The case involved a son-of-BOSS tax shelter that improperly inflated the basis of assets. Under section 6501(e)(1)(A), the statute of limitations for assessing a deficiency against a taxpayer is extended from three to six years when she omits from gross income an amount in excess of 25 percent of the gross income stated on the return. The question was whether the reduction of gross income that results from the offset of the inflated basis against an amount realized on a disposition of the asset extends the statute of limitations under section 6501(e)(1)(A).

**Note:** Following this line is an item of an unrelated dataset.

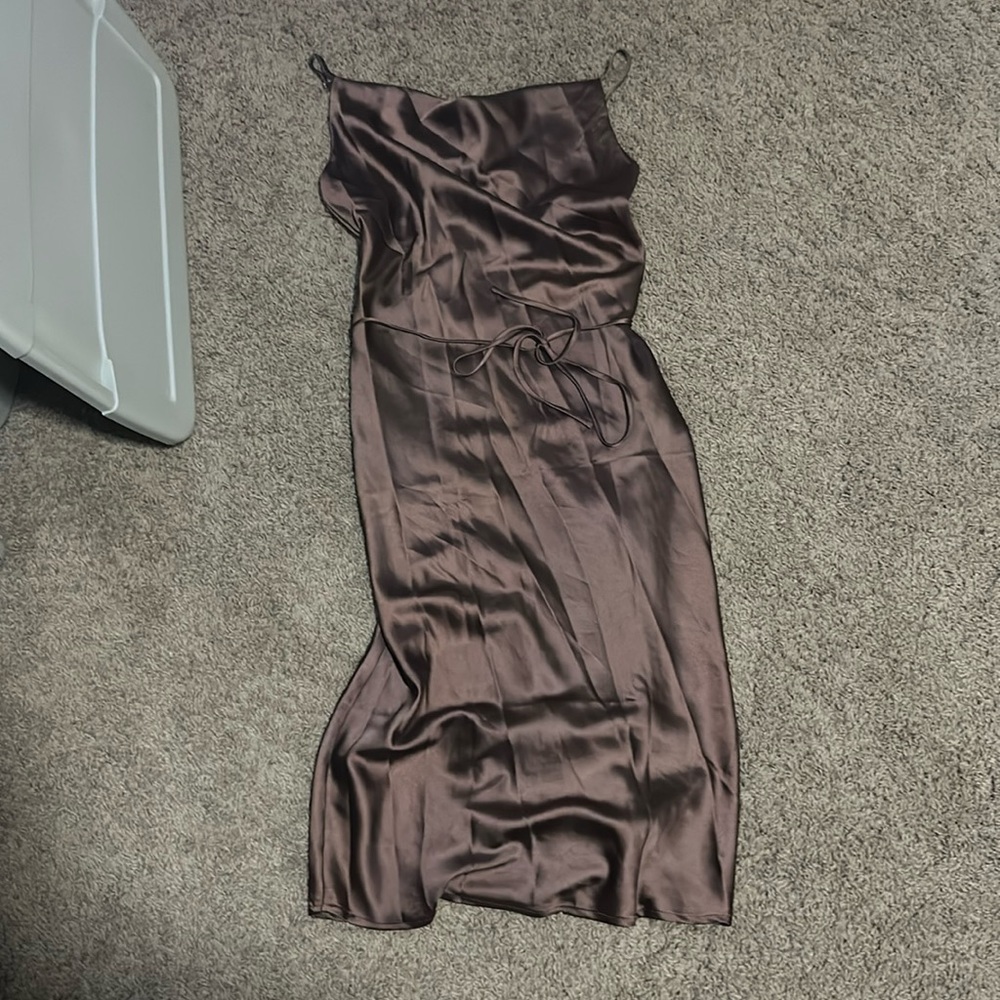 Billy J satin cowl neck dress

The question was complicated by two special circumstances. First, in 1958 the Supreme Court in Colony Inc. v. Commissioner2 interpreted identical language in the 1939 code to mean that the extended statute of limitations did not apply. But in 2010, while Home Concrete was in litigation, the government issued regulations stating that the extended statute applied.3
Once the regulations were issued, the Chevron4 doctrine of administrative law was called into play. Chevron requires courts to defer to an administrative interpretation of a statute unless the statute is unambiguous (Chevron step one) or, if the statute is ambiguous, to defer to it unless the interpretation is not a permissible interpretation of the statute (Chevron step two). In Mayo,5 decided last year, the Court held that Chevron applies in tax cases the same way it applies in other areas of administrative law.

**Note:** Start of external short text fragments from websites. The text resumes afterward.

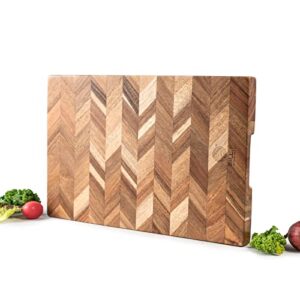 bill.f wooden chopping board, 14x9 inch acacia wood cutting board for kitchen chopping butcher block cutting board with end grain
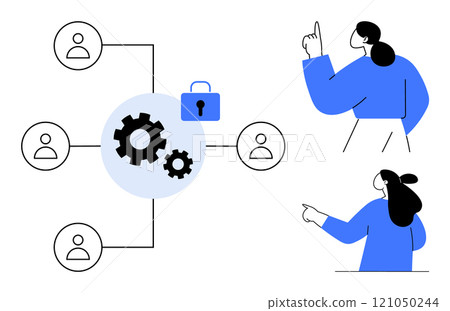 Two people pointing and user icons connected to gears and a lock. Ideal for teamwork collaboration data security IT management project planning and user interaction Two people pointing and user icons connected to gears and a lock. Ideal for teamwork collaboration data security IT management project planning and user interaction 121050244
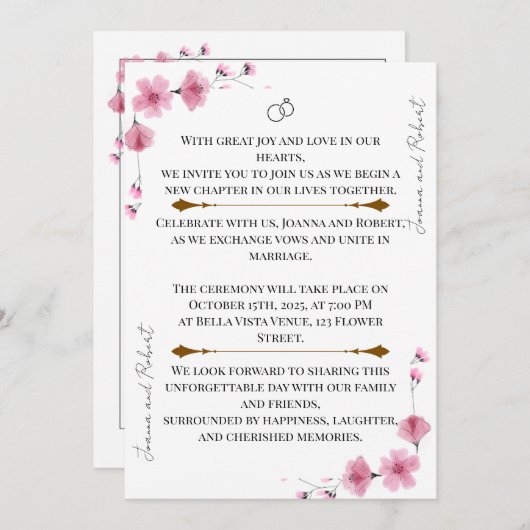 Blossom Love Wedding Invitation (Devant / Derrière)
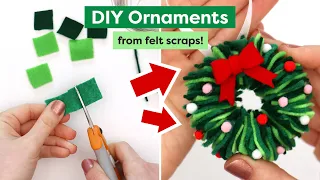 3 Handmade Felt DIY Christmas Ornaments...From Scraps!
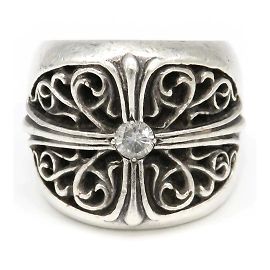 Chrome Hearts Anello croce floreale Argento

Is an administrative agency constrained in its interpretation if a court has already interpreted the statute? In Brand X,6 decided in 2005, the Court held that an administrative pronouncement could override a prior judicial interpretation of a statute. That is, if the administrative pronouncement passed the Chevron test, the administrative agency could overturn a judicial decision.
But Brand X has never been applied to allow an administrative agency to overturn a decision of the Supreme Court; perhaps such an application is too broad. On the other hand, the Court in Colony said, in reference to the statutory language before the Court in that case and in Home Concrete, that “it cannot be said that the language is unambiguous.” If the Supreme Court says the language is ambiguous, why not allow the administrative agency to clarify it?

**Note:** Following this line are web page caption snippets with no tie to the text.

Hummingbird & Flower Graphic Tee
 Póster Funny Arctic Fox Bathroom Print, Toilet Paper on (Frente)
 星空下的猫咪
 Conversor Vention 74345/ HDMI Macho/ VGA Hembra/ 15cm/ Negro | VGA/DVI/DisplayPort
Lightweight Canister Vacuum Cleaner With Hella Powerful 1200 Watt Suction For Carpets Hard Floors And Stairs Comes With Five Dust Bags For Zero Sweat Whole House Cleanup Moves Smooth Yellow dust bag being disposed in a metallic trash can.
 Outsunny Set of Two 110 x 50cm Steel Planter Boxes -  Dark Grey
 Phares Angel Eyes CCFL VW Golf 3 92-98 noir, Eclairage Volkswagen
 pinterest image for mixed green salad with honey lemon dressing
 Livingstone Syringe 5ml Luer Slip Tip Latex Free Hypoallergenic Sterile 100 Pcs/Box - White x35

Justice Stephen G. Breyer wrote the opinion in Home Concrete, with Chief Justice John G. Roberts and Justices Clarence Thomas and Samuel A. Alito in agreement. Justice Anthony M. Kennedy wrote the dissent, with Justices Ruth Bader Ginsburg, Sonia Sotomayor, and Elena Kagan joining him. Justice Antonin Scalia’s opinion, concurring in part and concurring in the judgment, was the swing vote.
The majority found that because the language in Home Concrete was identical to the language it interpreted in Colony, the same result should apply. It rejected the government’s argument (which the dissenters accept) that changes made to related sections of the statute in 1954 require a reconsideration of the meaning of the language before the Court. In addition, it refused to defer to the regulations the IRS finalized in 2010. Breyer argues that in this context, once the Court interprets the statute, there is no other interpretation available for adoption by the agency. In explaining why Brand X does not apply, Breyer does not necessarily give special deference to every Supreme Court opinion. Instead, he interprets Brand X to mean that deference is to be given to an administrative interpretation only when there is evidence that Congress delegated gap-filling authority to an agency.
Thus, we are to understand Chevron step one (is the language unambiguous?) simply as an example of a situation when Congress clearly did not delegate gap-filling authority to the agency.7 But even if the language is ambiguous, the agency apparently can’t act unless there is an indication that Congress intended that it exercise its gap-filling authority. And in what might be the most novel point of Breyer’s opinion, he quotes Chevron to the effect that “if a court, employing traditional tools of statutory construction, ascertains that Congress had an intention on the precise question at issue, that intention is the law and must be given effect.”8 In other words, it would appear that if “traditional tools of statutory construction” result in one interpretation of a statute,9 there is no room for an administrative agency to take a contrary position. If that is the law, it would seem to significantly limit the role of Chevron and, even more so, Brand X.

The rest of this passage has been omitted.